Królewna:)

Królewna:)

wtorek, 26 lipca 2011

O przymusowym urlopie i byciu stęsknioną......................

Tam gdzieś daleko.........za górą.......za rzeką...............olalalala to nie tak!!!!!!!!!!!!!
Tam gdzie nie ma mnie jest moje dziewczę.........moja Julinka...........czy tęsknię??????
Pytanie...............ja usycham z tęsknoty!!!!!!!!!!
Nie cierpię się z nią rozstawać................nie mam z kim polemizować.........słuchać kłótni rodzeństwa............buuuuuuuuuuuuu zachowuję się jak dziecko, któremu zabrano wszystkie zabawki!!!!!!!!!
Jest mi źle Lulu wróć!!!!!!!!!!!!!!!!
Tak przyznaję się bez bicia odbija mi palma!!!!!!!!!!!!!!!!!
Od poniedziałku jestem na przymusowym urlopie...............i mam ciut za dużo czasu na myślenie negatywne:):):)
Ależ ja wiem, że nie powinnam............że dziecko jest z babcią, pieskiem...........że ma się całkiem dobrze...........ja to wszystko wiem.............ale tęskniam okrutnie!!!!!!!!!!!!!!!!

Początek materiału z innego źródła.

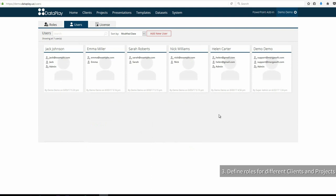If you assign a role on client level, the user will get that role permissions on all projects of that client.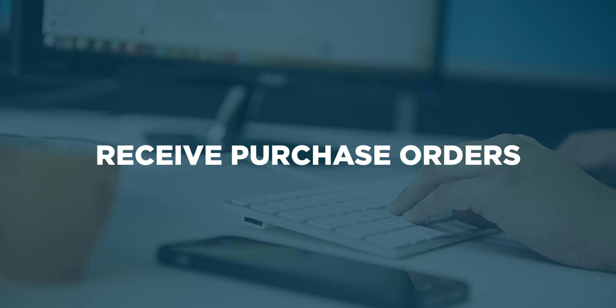In this video, you will learn how to receive a purchase order using the NITO inventory module. When stock arrives to your warehouse and has been counted against the amounts ordered, you can then enter the quantities received into NITO to update the stock on hand level.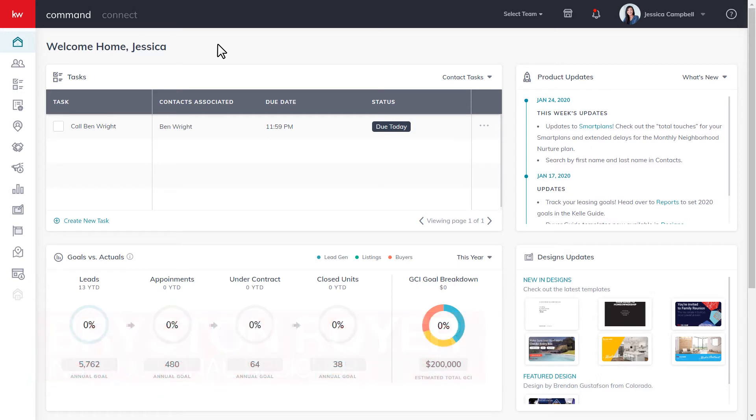First, log into agents.kw.com with your Keller Williams login credentials. Once you're logged in, click the smart plans icon on the left side of the screen.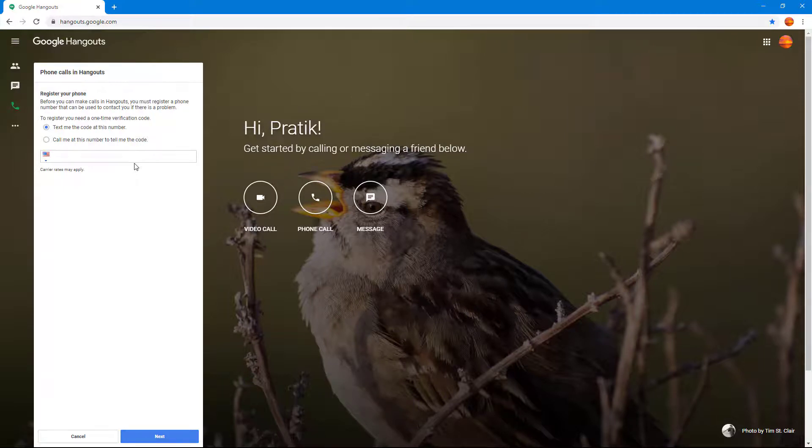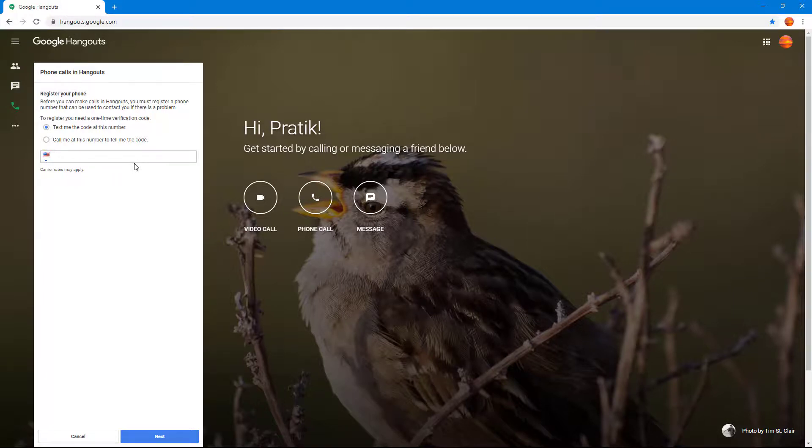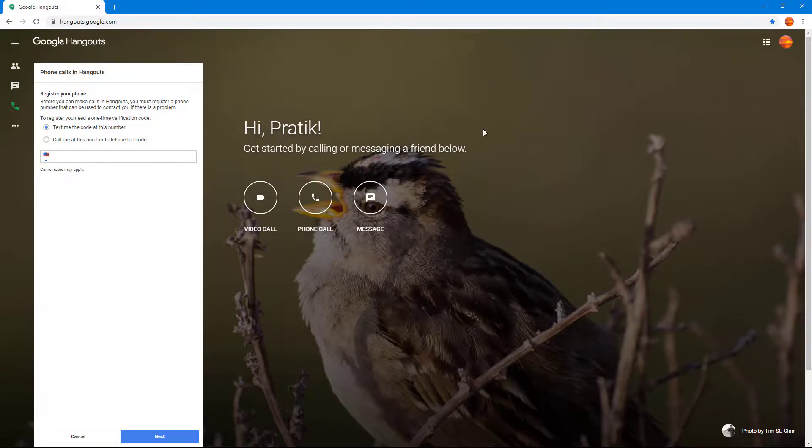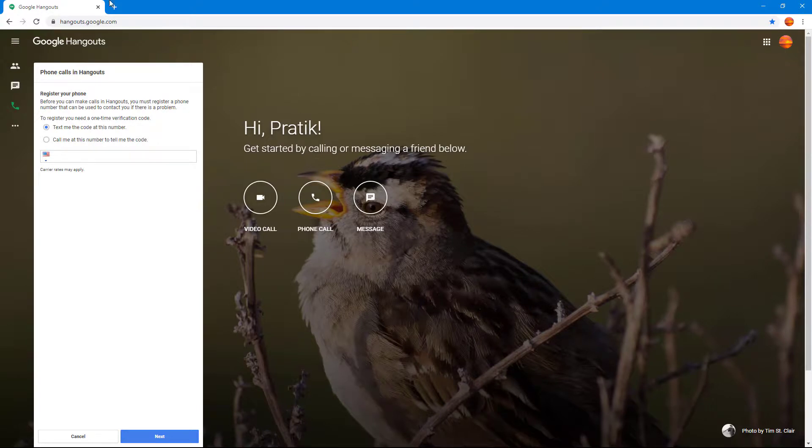So this is a very good web phone call service as well, apart from being a communication service between different IDs. So that is how you make a phone call and set up a phone call inside Google Hangouts.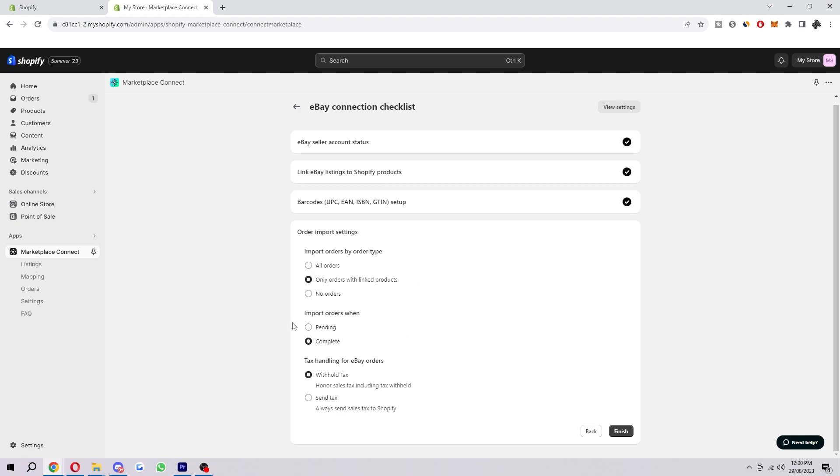There's also settings for import orders when and tax handling for eBay orders. You'll just want to go ahead and edit those settings to match exactly how you need. And then when you are ready, we can go ahead and click Finish here.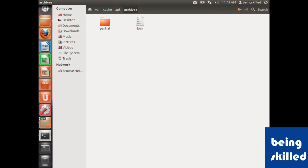Now we can see these packages have been removed. This helps in saving lots of space on the operating system. Thank you for watching the video.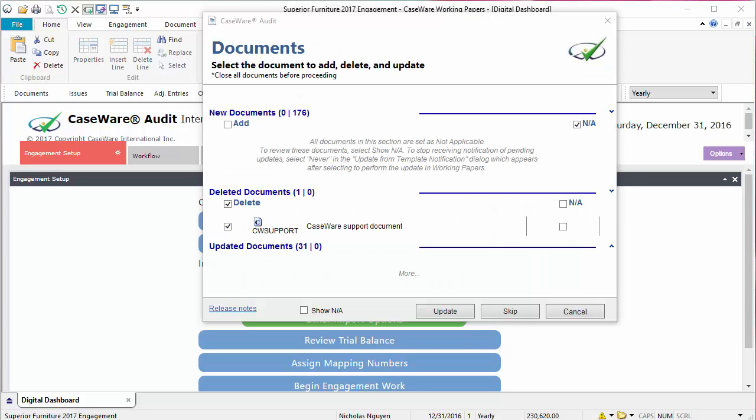Depending on the type of updates applied, additional dialogs may appear. For example, if documents have been modified or deleted, the Documents dialog will appear. We recommend completing all dialogs that are part of the update.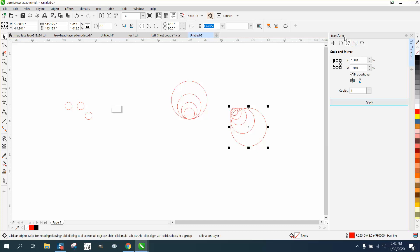So anyway, that's the Transform docker, or in some versions it might be called Transformation. And then this is Scale. Hope that helped a little bit. Thank you.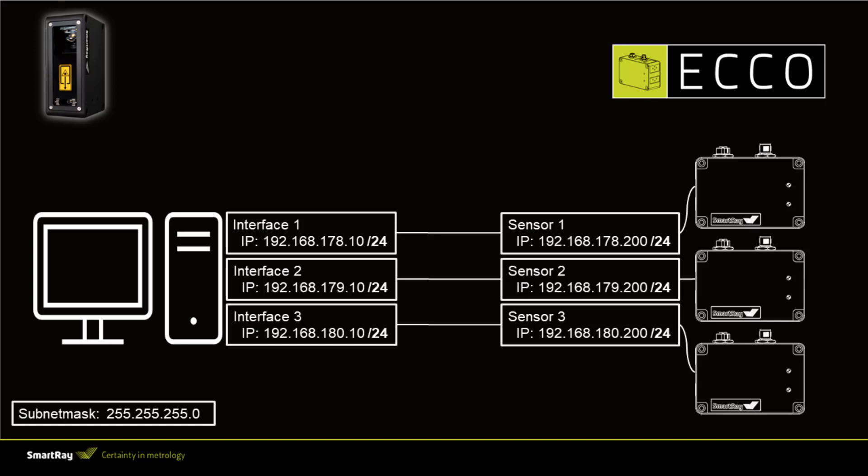Furthermore when using multiple scanners in one application it is advisable to place each scanner in a unique subnet. This for example shortens the connection time. The graphic shows a possible network configuration. As you can see each sensor and the associated network interface are located in a unique network address area. When selecting the gigabit ethernet interface high quality components should be used. We have good experience with manufacturers such as Intel and Broadcom.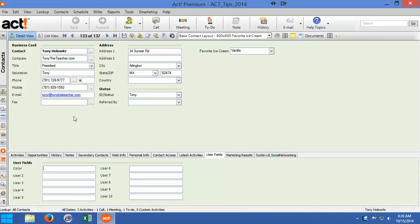Good morning ladies and gentlemen, this is Tony Holowitz and I want to thank you for being here for this tutorial on ACT. We are going to take a look at some of the different kinds of fields we can work with in ACT.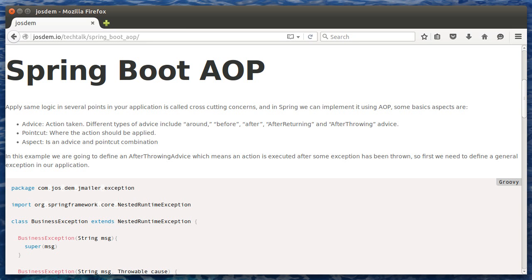First of all, let's talk about three concepts. Advice: the action taken. Point cut: where that action should be applied. And the aspect, which is the combination between advice and point cut.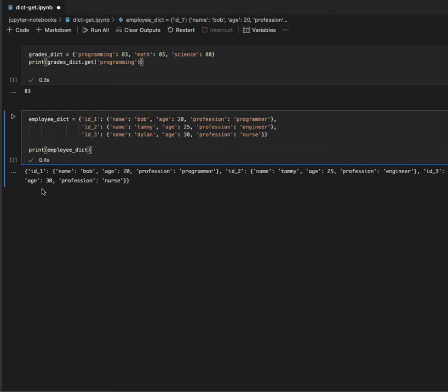This code snippet declares a regular dictionary along with three nested dictionaries. Each nested dictionary can then be accessed by its corresponding key. In the next step I want to show how to access the elements of a nested dictionary and list the employee names.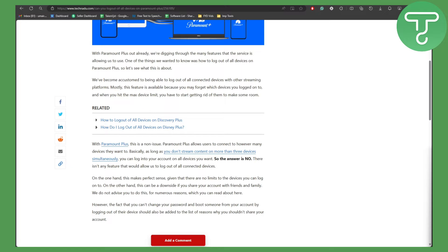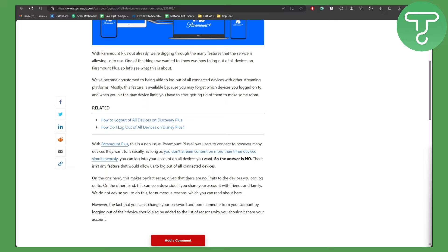You can log into your account on all devices you want. So the answer is no, there isn't any feature that allows us to log out of all connected devices. On the other hand, this makes perfect sense given that there are no limits to the devices you can log on to.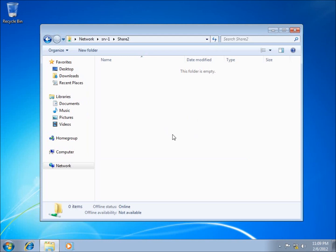This concludes the video on setting up File Services and creating a shared folder within Server 2008.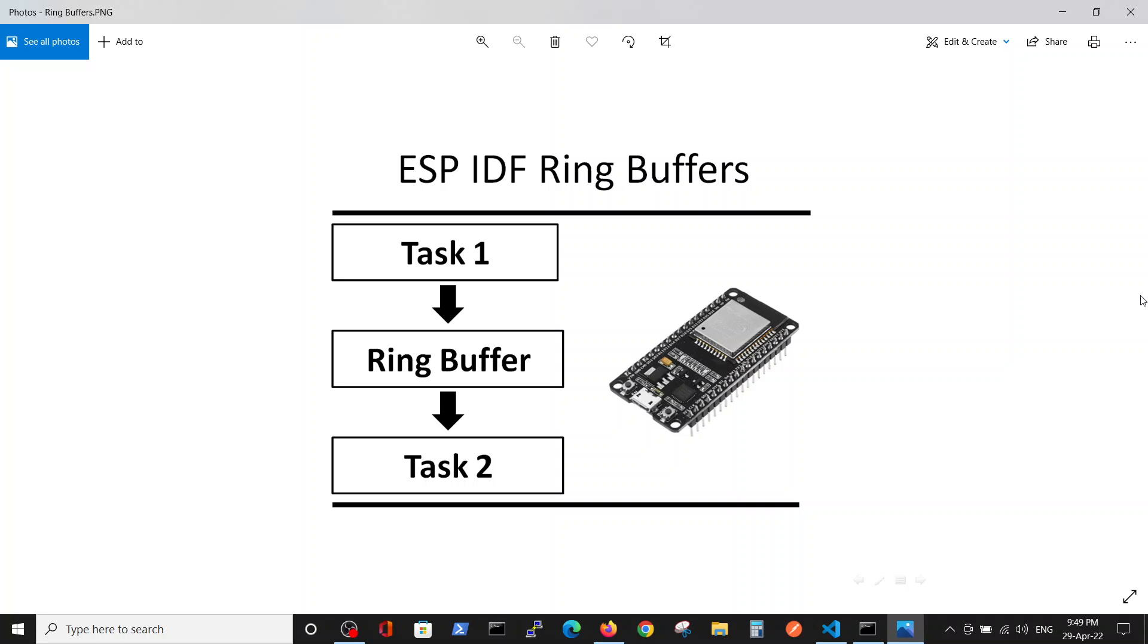Hello, now we continue with the series of videos which was made according to requests of our subscribers. In the recent videos we talked about ability to send data from one task to another. In the previous video we talked about queues, the line of variables which can be transmitted in FIFO fashion from one task to another.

No dobrze z drugiej beczki............coś pewnie niektórych z Was ciekawi jak Julinki samopoczucie 2,5 m-ca po przeszczepie!!!!!!!!!!!!!
Otóż uprzejmie donoszę, iż (tfu, tfu przez lewe ramię) jest dobrze..........wyniki utrzymują sie na należytym poziomie........leukocyty 3 tys.............hemoglobina 12............płytki 100 tys. (raz spadają, raz rosną)..........wątroba będąca na diecie krewetkowo.....kotletowej...........trzyma się na wspaniałym niziutkim poziomie transaminazowym (wytyczne są w granicy 20 i tak też jest).................ale kochani nie spoczywajmy na laurach kciukole nadal ściskajmy co czwartek za Julinkę i jej badania kontrolne:):):):):)

Julcia generalnie teraz odpoczywa...........opiekuje się swoim pieskiem Czarlinkiem (synusiem właściwie):):):)
Nabiera mocy na wrzesień................co prawda nie będzie biegała do szkoły............to szkoła będzie biegała do niej.............ale jest to zawsze krok do przodu w dochodzeniu do normy:):):):)
Ałłłła!!!!!!!!!!!!! Znowu muszę ostro zacisnąć pasa.................książki..........gadżety...........całe osprzętowanie Julinki i Pana Szymona, który we wrześniu zaczyna swoja przygodę ze szkołą!!!!!!!!!!!!! Pomaleńku trzeba już wszystko zacząć magazynować, żeby nie dostać szoku portfelowego:):):):):):)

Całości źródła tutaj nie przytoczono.